Avec John Dewey découvrons la tradition philosophique américaine dite du pragmatisme

La tradition philosophique américaine dite du pragmatisme, fondée par Charles S. Peirce et William James, avait un fan. Un inconditionnel. Mieux, un pilier : John Dewey (1859-1952). C’est lui qui poussa la notion d’enquête aux limites du possible. 


À ses yeux, il n’y a pas de différence essentielle entre les questions que posent les choix éthiques et moraux et celles qui ont une signification et une portée plus directement cognitives. Il abordera la question morale avec un esprit d’expérimentation. Ainsi, pragmatique, Dewey - et sa théorie de l’enquête - va mettre en lumière la dimension sociale et institutionnelle. Une autre manière de penser la démocratie, en quelque sorte.


Chez Dewey, la pertinence des positions politiques s’avère relative à des pratiques expérimentales. En témoigne Le public et ses problèmes. Publié en 1927, voilà déjà plus de quinze ans que Dewey écrit sur la politique. Des essais (comme le célèbre Démocratie et éducation, 1916), des articles sur le droit et la signification éthique de la démocratie. Des conférences aussi... 

Mais désormais il veut s’attacher à inviter. À repenser les conditions auxquelles les citoyens pourraient parvenir à former des jugements politiques raisonnables, cohérents. Responsables.


Dewey rompt avec l’idée que la compétence politique des citoyens est affaire de nature et de droit naturel. Mais il n’envisage pas de congédier toute compétence hors des zones habituelles de l’exercice de la citoyenneté. Il veut souligner le fait que la compétence du sens commun est aussi une affaire d’égalité dans l’accès aux ressources intellectuelles. Pour lui, c’est avant tout une affaire de méthode, d’école, de formation professionnelle... et d’enquêtes. Il affirme que, sans une reconstruction permanente du public, les instances d’identification des domaines d’intérêt communs cessent leur travail. Et alors la démocratie n’existe plus.


Publié en 1934, Art as Experience fait écho aux premières conceptions philosophiques de Dewey touchant à l’homme et à l’environnement, considérés comme éléments d’une dialectique dynamique. Cet essai fut très bien accueilli car remarquable était la manière dont s’y cristallisait nombre de préoccupations montantes parmi les artistes qui cherchaient des orientations au plein cœur de la Dépression. En effet, certains d’entre eux éprouvaient le besoin d’ancrer leur travail vers une plus grande conscience sociale. Cela renforça l’attention grandissante des peintres et sculpteurs à décrire des aspects de la réalité américaine.


Mais surtout, ce livre a su convaincre les administrateurs du Federal Art Project que les artistes américains avaient un rôle à jouer dans le monde. Une idée propre à Dewey.

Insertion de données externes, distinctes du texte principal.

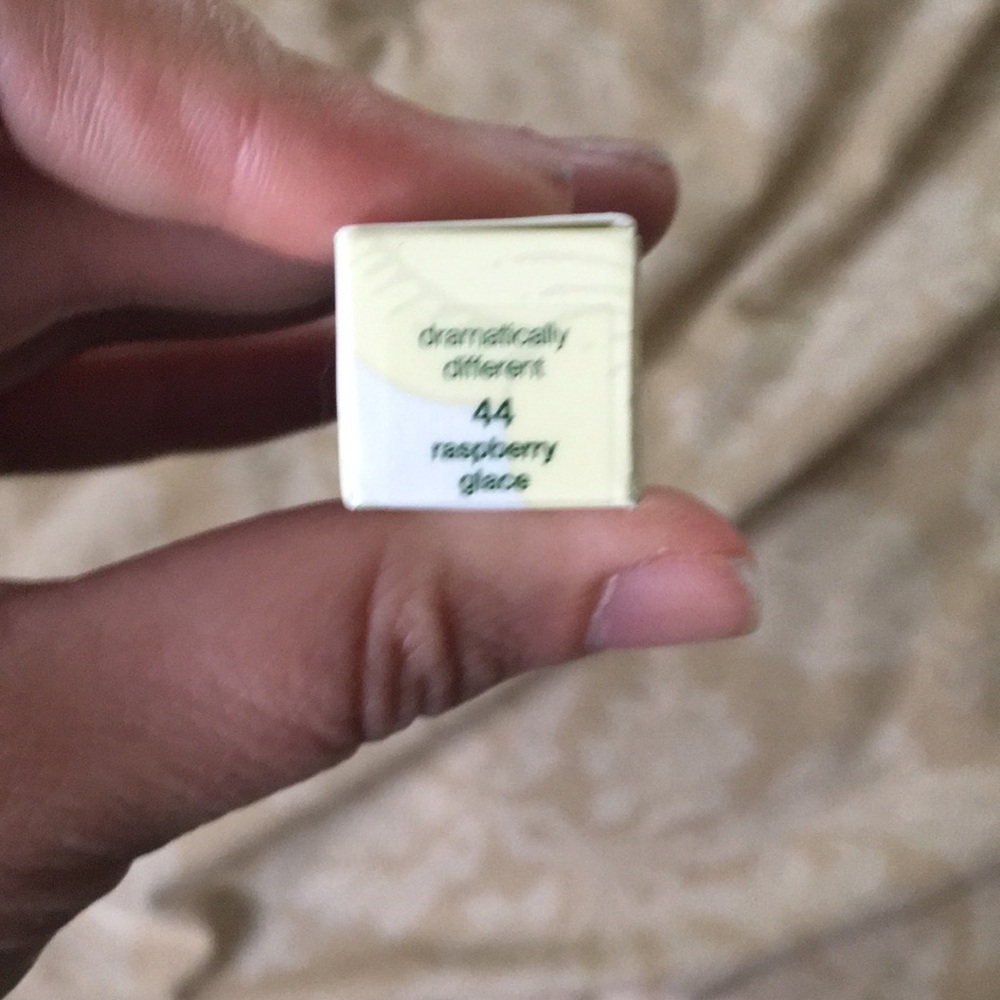 Clinique raspberry glace - Picture 2 of 2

Le cœur de l’esthétique de Dewey tient dans l’affirmation de la spécificité de l’expérience esthétique. En tant qu’elle s’oppose à l’expérience ordinaire. Selon sa définition, l’expérience est conçue comme la rencontre totale avec un phénomène extérieur. Lequel suit alors un cours complet de son commencement à sa fin. Et l’intègre complètement dans la conscience comme une entité distincte des autres expériences.

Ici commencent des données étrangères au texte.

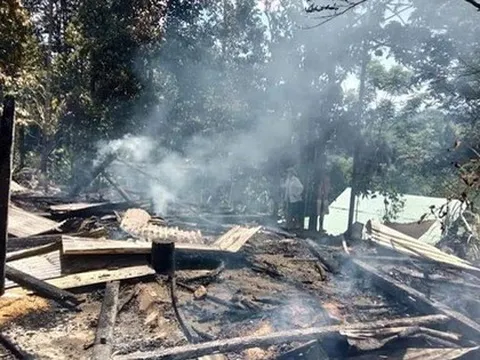 Bố mẹ đi vắng, 2 chị em tử vong trong ngôi nhà bốc cháy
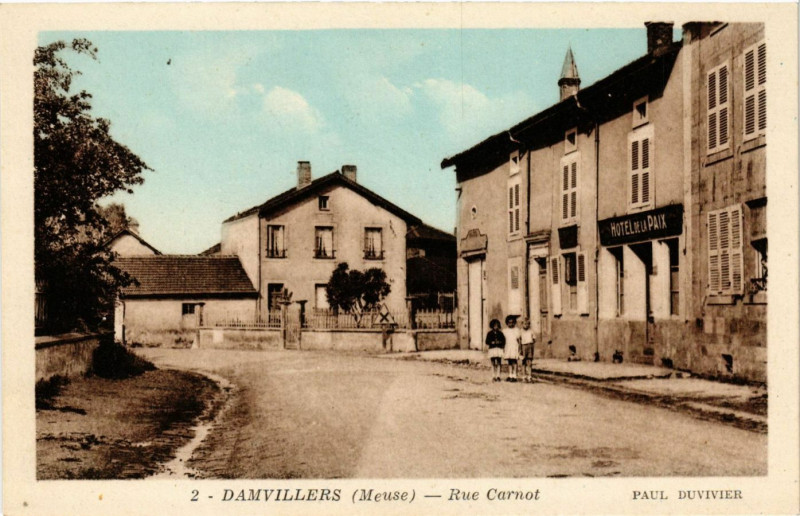 Carte postale ancienne Damvillers - Rue Carnot à Damvillers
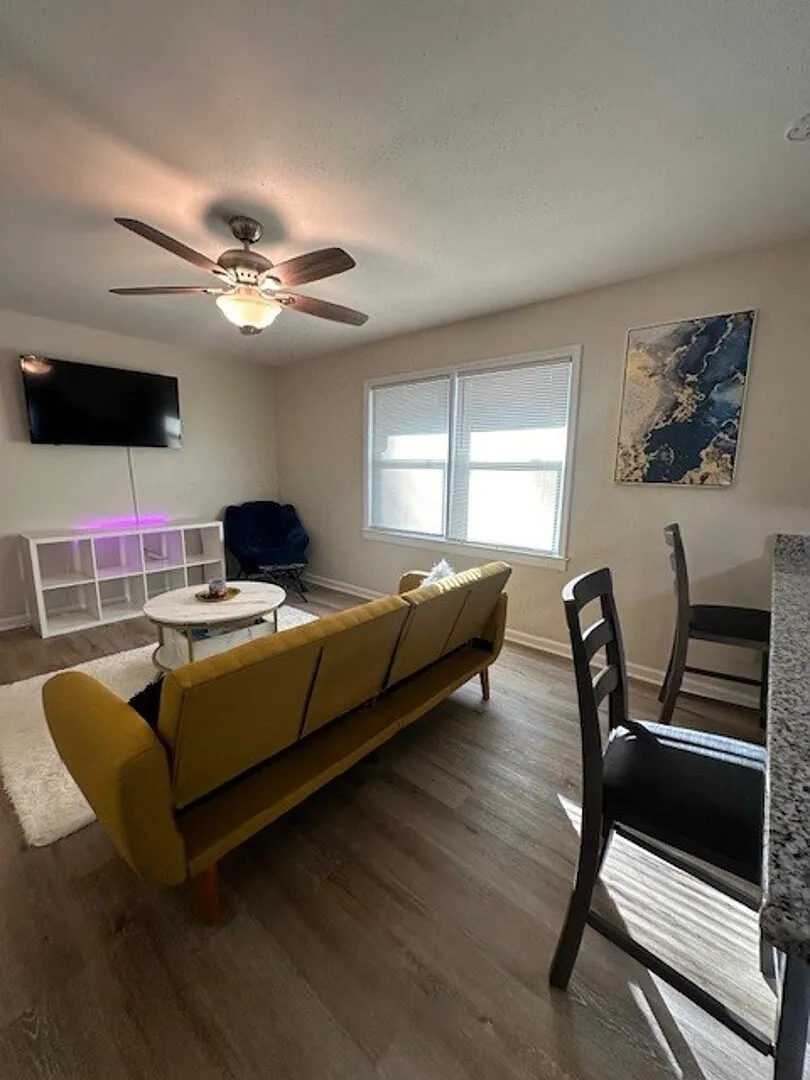 Charming 3 Bedroom 2 Bath Fully Furnished Home in Austell — Photo 2
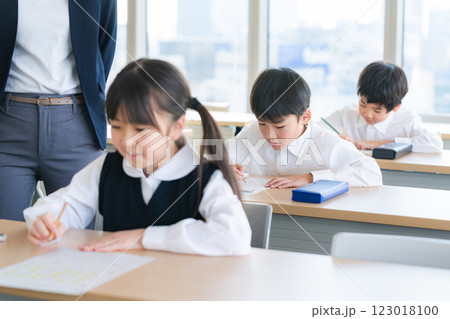 テストを受ける児童 123018100
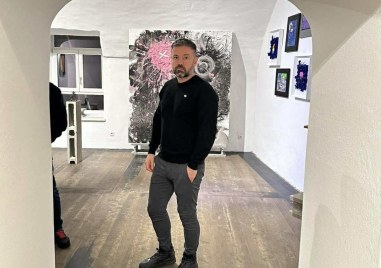 След успешното откриване на своята изложба в галерия Artdepot в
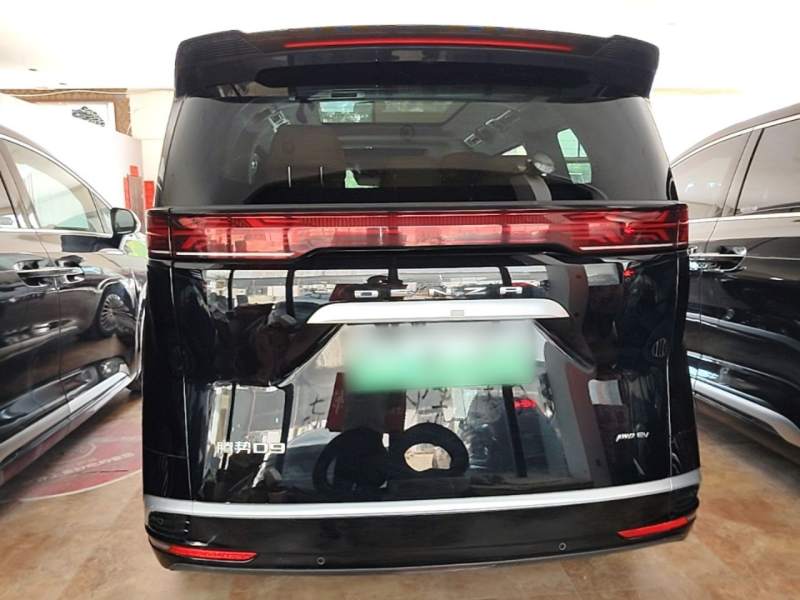 Used Denza D9 2022 EV 600 Four-Wheel Drive Prestige Model — 5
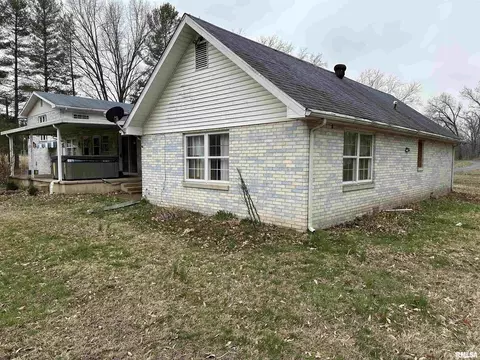 421 N Morrison St, Centralia, IL 62801 photo 4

En clair, pour Dewey, Pollock est engagé dans une expérience quand il peint intensément. Il est aussi, toujours selon Dewey, "
si fortement engagé que l’objet et le plaisir ne font qu’un dans l’expérience". 

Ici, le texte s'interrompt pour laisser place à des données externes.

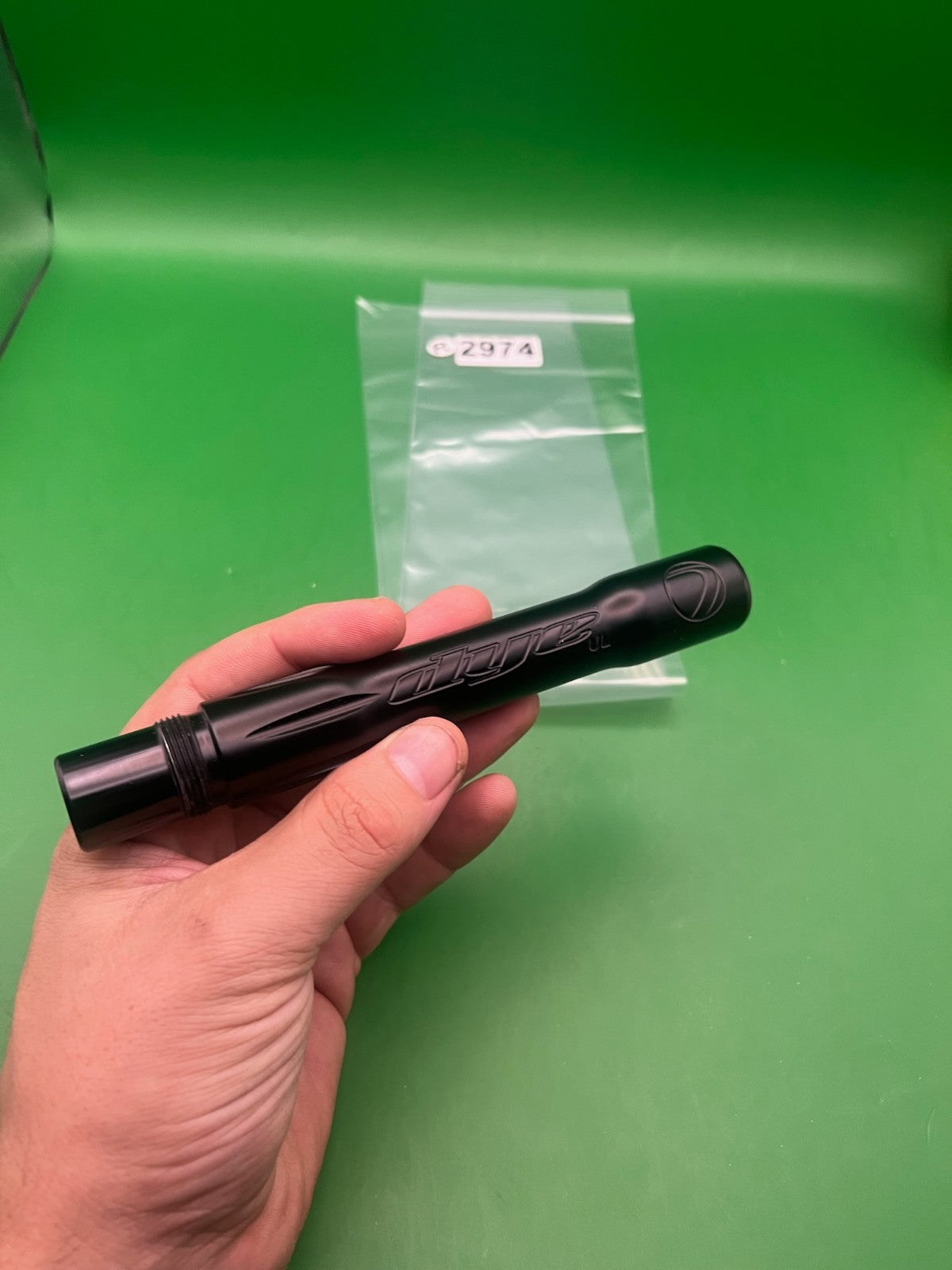 Dye Ultralight Gloss Black Back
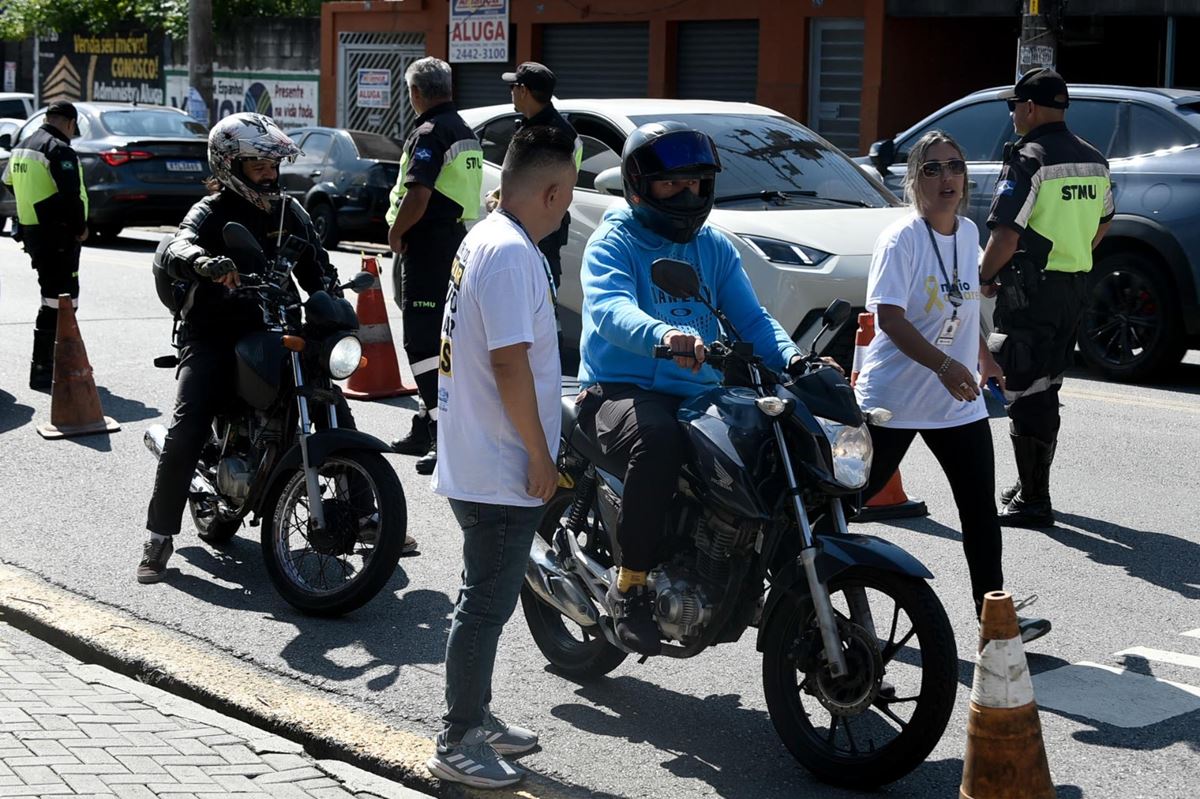 Prefeitura inicia campanha Maio Amarelo com ação voltada aos motociclistas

Ce qui, paradoxalement, le met en opposition avec la conception de la création artistique propre au peintre. En effet, Pollock disait souvent qu’il n’était pas conscient de ce qu’il était en train de faire. 


Cependant, cet engagement émotionnel complet que Pollock revendique aurait fourni à Dewey la meilleure illustration d’un artiste totalement immergé dans le vécu de l’expérience dans l’exercice de l’acte de peindre. Mais Pollock éprouvait une expérience totale dans ce moment de mise en contact avec la peinture. Et c’est ce qui déterminait, pour lui, le fait qu’il s’agissait bien d’art.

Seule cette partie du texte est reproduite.